» **Stored data**:
____

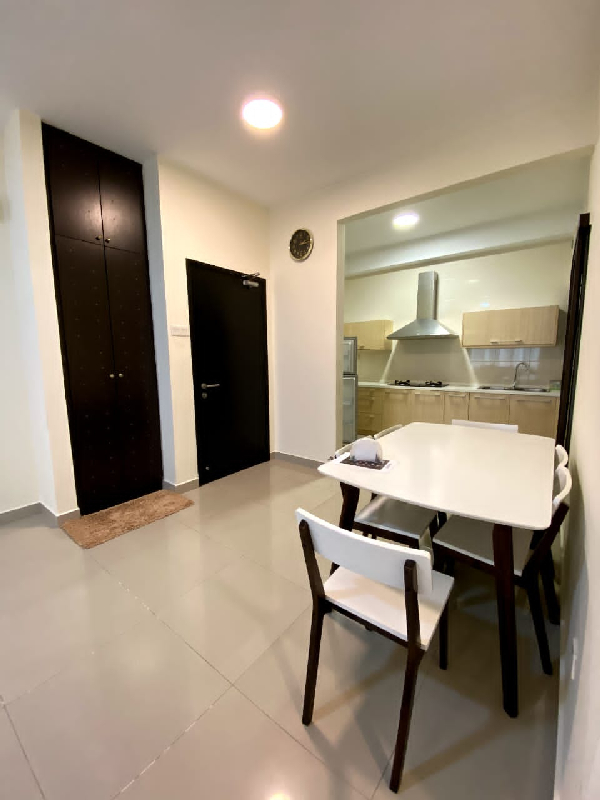 Apartment Desa Idaman Residence - photo 5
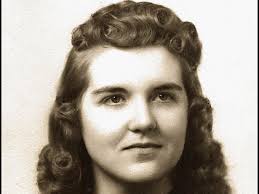 Obituary: Piper, Betty Jane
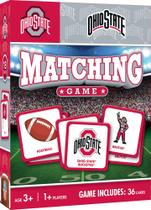 Matching Game Masterpieces NCAA Ohio State Buckeyes há mais de 3 anos Matching Game Masterpieces NCAA Ohio State Buckeyes há mais de 3 anos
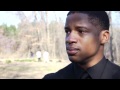 Nate Parker, Star of George Lucas's "Red Tails ...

____

Starting with the line that holds "Obituary: Piper, Betty Jane", print each line through the last one of the data exactly as written, but do not include the pictures.

 Obituary: Piper, Betty Jane
 Matching Game Masterpieces NCAA Ohio State Buckeyes há mais de 3 anos Matching Game Masterpieces NCAA Ohio State Buckeyes há mais de 3 anos
 Nate Parker, Star of George Lucas's "Red Tails ...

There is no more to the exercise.